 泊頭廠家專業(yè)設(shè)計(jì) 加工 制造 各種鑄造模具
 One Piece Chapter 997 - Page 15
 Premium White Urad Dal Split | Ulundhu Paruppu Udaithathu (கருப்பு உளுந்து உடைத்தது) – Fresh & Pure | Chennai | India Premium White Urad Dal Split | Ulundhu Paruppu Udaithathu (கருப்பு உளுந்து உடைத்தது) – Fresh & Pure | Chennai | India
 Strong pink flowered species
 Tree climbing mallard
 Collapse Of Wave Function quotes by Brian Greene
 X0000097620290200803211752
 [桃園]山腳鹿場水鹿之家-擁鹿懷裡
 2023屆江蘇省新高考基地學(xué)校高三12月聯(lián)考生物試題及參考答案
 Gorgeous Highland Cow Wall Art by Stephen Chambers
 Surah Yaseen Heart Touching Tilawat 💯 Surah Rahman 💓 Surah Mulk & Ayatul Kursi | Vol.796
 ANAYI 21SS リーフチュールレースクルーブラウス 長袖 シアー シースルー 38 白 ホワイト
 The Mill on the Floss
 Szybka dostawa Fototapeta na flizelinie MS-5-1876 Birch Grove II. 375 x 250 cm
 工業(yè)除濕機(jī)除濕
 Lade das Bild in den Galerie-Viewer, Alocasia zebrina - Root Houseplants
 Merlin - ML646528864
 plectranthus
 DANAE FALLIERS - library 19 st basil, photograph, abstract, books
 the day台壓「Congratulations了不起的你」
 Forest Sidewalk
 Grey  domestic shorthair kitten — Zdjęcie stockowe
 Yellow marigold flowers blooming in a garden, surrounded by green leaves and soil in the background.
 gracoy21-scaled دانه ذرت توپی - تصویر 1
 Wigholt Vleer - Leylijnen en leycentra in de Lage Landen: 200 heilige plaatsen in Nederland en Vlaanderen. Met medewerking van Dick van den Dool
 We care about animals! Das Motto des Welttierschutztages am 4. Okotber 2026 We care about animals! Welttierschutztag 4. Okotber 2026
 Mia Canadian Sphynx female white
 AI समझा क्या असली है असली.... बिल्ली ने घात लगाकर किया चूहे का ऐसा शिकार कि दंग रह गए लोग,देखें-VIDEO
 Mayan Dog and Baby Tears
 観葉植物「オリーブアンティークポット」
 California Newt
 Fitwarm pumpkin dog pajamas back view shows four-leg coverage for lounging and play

- - -

EXERCISE GOAL: Everything in the material above from the line that has "plectranthus" through the line that has "We care about animals! Das" must be duplicated exactly, with no other lines given.

RESULT FOR THIS EXERCISE:
 plectranthus
 DANAE FALLIERS - library 19 st basil, photograph, abstract, books
 the day台壓「Congratulations了不起的你」
 Forest Sidewalk
 Grey  domestic shorthair kitten — Zdjęcie stockowe
 Yellow marigold flowers blooming in a garden, surrounded by green leaves and soil in the background.
 gracoy21-scaled دانه ذرت توپی - تصویر 1
 Wigholt Vleer - Leylijnen en leycentra in de Lage Landen: 200 heilige plaatsen in Nederland en Vlaanderen. Met medewerking van Dick van den Dool
 We care about animals! Das Motto des Welttierschutztages am 4. Okotber 2026 We care about animals! Welttierschutztag 4. Okotber 2026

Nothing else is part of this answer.